Auckland's ZM radio station says it has not had direct complaints about newly introduced technology that switches FM car stereos by remote control to ZM traffic reports when a button is pushed in the broadcaster's studio.
But ZM operations manager Christian Boston said the station would stop triggering car radios to automatically switch to the traffic report if it upset significant numbers of listeners.
"It's not our intention to spam people or to hijack their radios or irritate anyone," he said. If there was too little understanding of the technology, the station would turn off its traffic feature, he said.
"But I haven't had one complaint."
The Radio Data Service (RDS) technology has been common in Europe for a decade, but has been used by ZM for only about six months.
In all, six Auckland FM stations, and one each in Wellington, Central Otago and Taupo use the technology.
Starting next month, National Radio plans to create national FM broadcasts of its programme. It plans to use the RDS technology to provide seamless "links" so that as a car moves out of the signal reach of one FM station broadcasting National Radio, the receiver will automatically scan other frequencies for the same programme and switch, so there is no break in reception or need to hunt for the new frequency.
ZM's use of RDS use has triggered a minor controversy on the internet, after Auckland University of Technology broadcasting lecturer Andrew Dubber posted on his website a complaint by a former student that his new radio appeared to have been retuned to ZM by remote control.
The former student, whom he named only as Peter, said the radio seemed to be "obsessed" with ZM: "If I listen to ZM or the Edge or (95bFM), or even AM stations, then turn it off and on, it starts on ZM. If I'm using the radio, then switch to CD, then back, it defaults to ZM.
"Even more annoying is what started a few weeks ago. Whatever station I'm on, whenever ZM has a traffic report, it jumps to ZM ... if I'm listening to a CD, and ZM has a traffic report, it jumps.
"I can't change back to CD until the report is over. Is it my stereo or is ZM actually Satan?"

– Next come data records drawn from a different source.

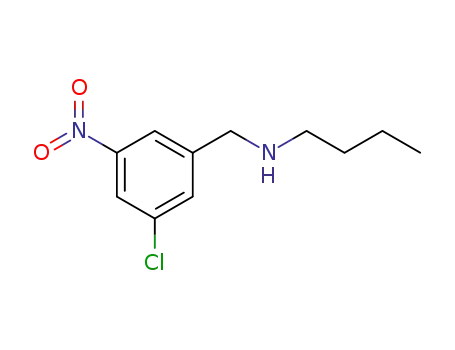 Molecular Structure of 90390-41-3 (N-(3-chloro-5-nitrobenzyl)butan-1-amine)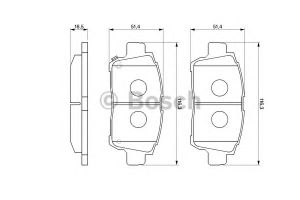 Комплект тормозных колодок, дисковый тормоз 0 986 424 803 Bosch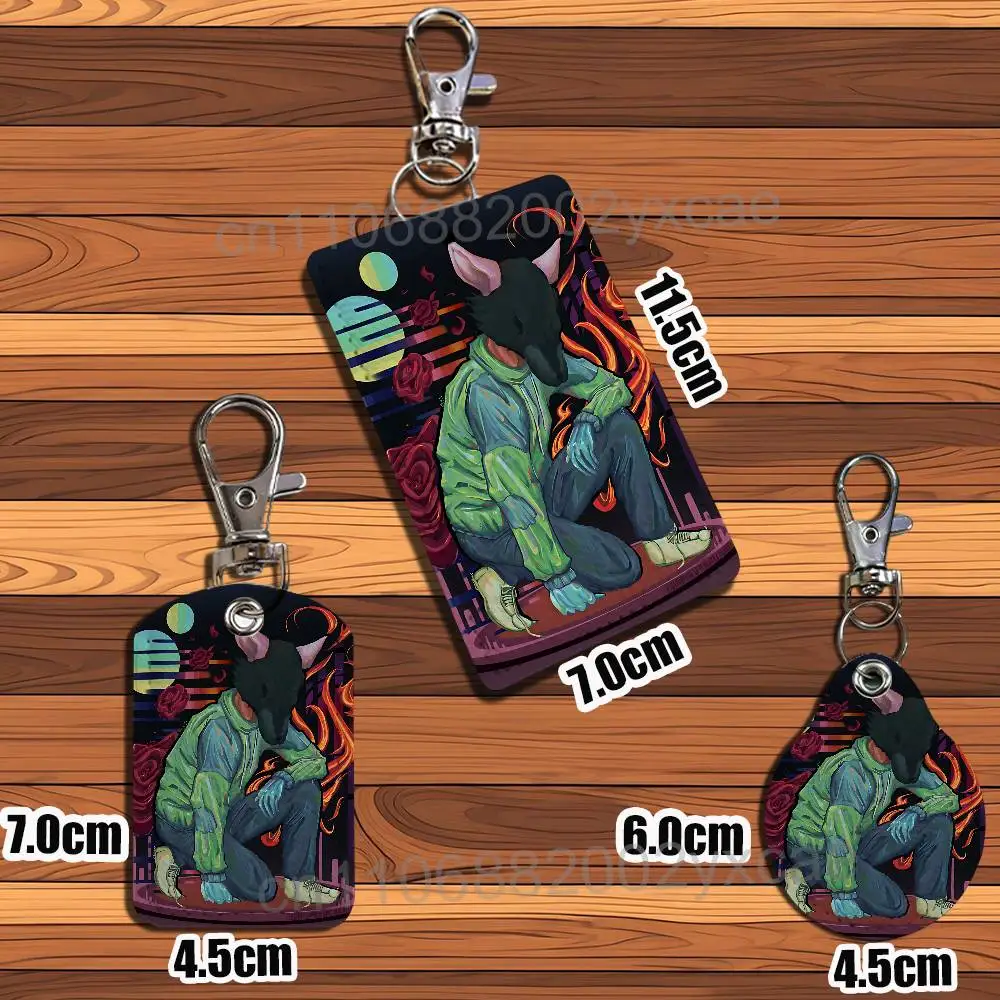 Держатель для карт Rooster Jacket Game Hotline Miami: для банковских, деловых, рабочих карт, студенческих билетов, проездных, ключница (art.: 3920da2cf3f09) - 3920da2cf3f09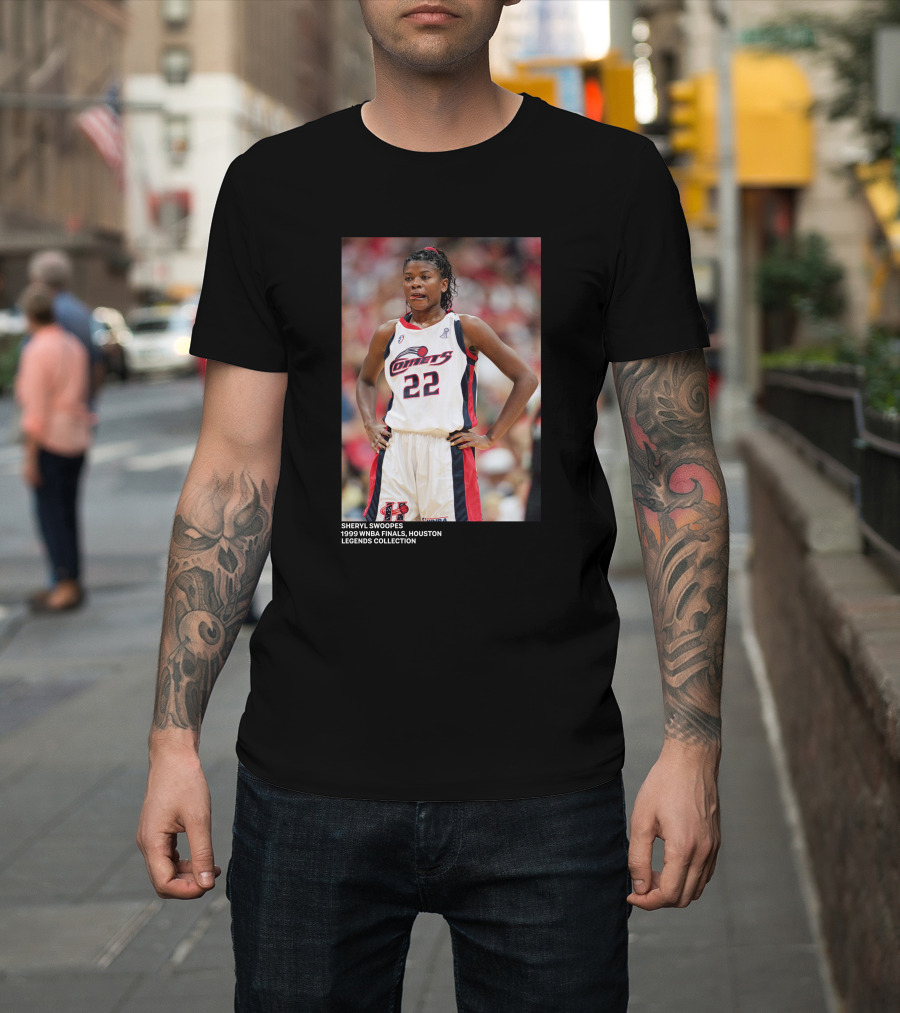 SHERYL SWOOPES 1999 WNBA FINALS HOUSTON LEGENDS COLLECTION T-Shirt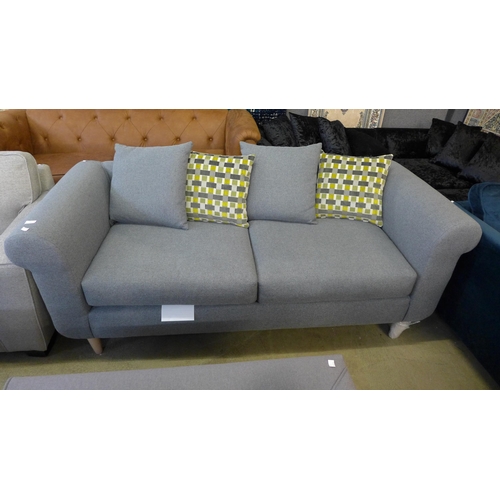 1593 - A pale blue upholstered 2.5 seater sofa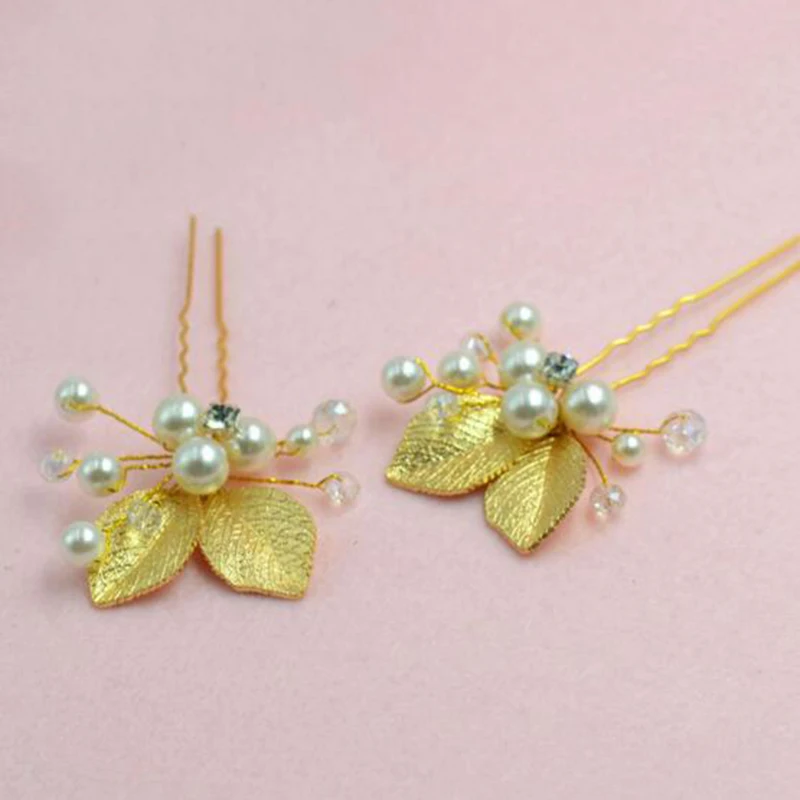 Классические трендовые заколки для волос в стиле барокко панк золотого цвета с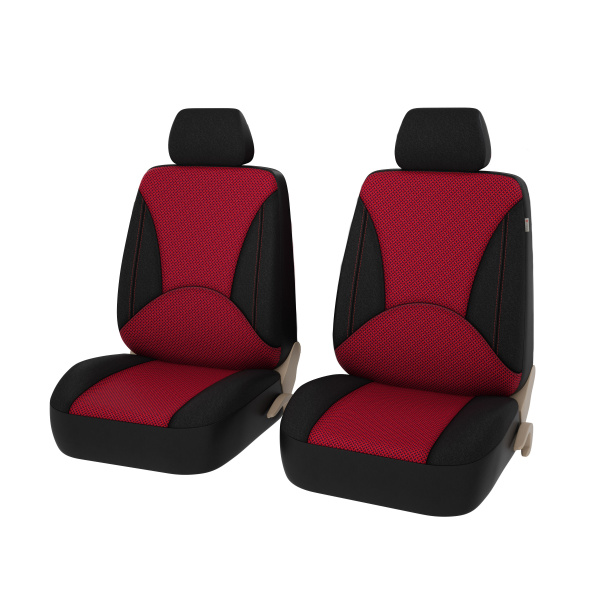 Чехлы PSV Imperial Next 2 FRONT (Красный), экокожа + жаккард (JP-02/18-152) (ХИТ ПРОДАЖ)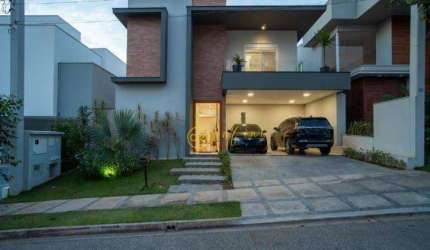 Casa Mobiliada de Condomínio com 5 suítes, sendo 1 máster  à venda, 300 m² por R$ 2.500.000 - Condomínio Colinas do Sol - Sorocaba/SP
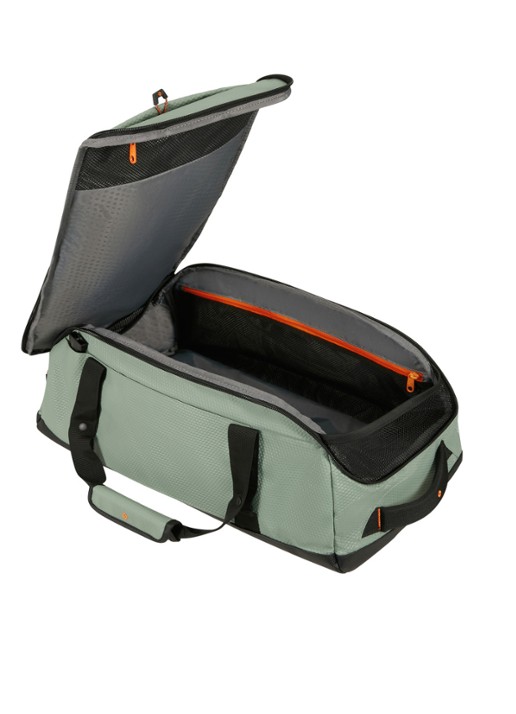Samsonite PRODIVER DUFFLE S COFFEE BEAN - achterkant 3 lichtgroen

Mr Dubber said RDS was now standard on all new tuners in car stereos around the world, and allowed radio stations to send text messages to display screens on the radios with information such as station identification, the name of the music playing, the name and sponsor of the show that was on, even messages about current on-air promotion.
He questioned whether a radio station was doing its listeners a service by interrupting listeners' CDs and talking at them.
And, if a station used RDS to default a stereo to its signal when it was turned on, that would be unethical, Mr Dubber said on the website.
Mr Boston said the technology was commonplace in Europe: "It's not supposed to make it jump stations, but if you are listening to a CD and you've got the 'traffic announcement' feature turned on, it will pause the CD, play you the traffic announcement on the radio, then go back to the CD".
The feature could be turned off at the push of a button on a car radio, he said.
About 700 of 5000 broadcasters employ it in the United States, where attempts have been made to use it for advertising.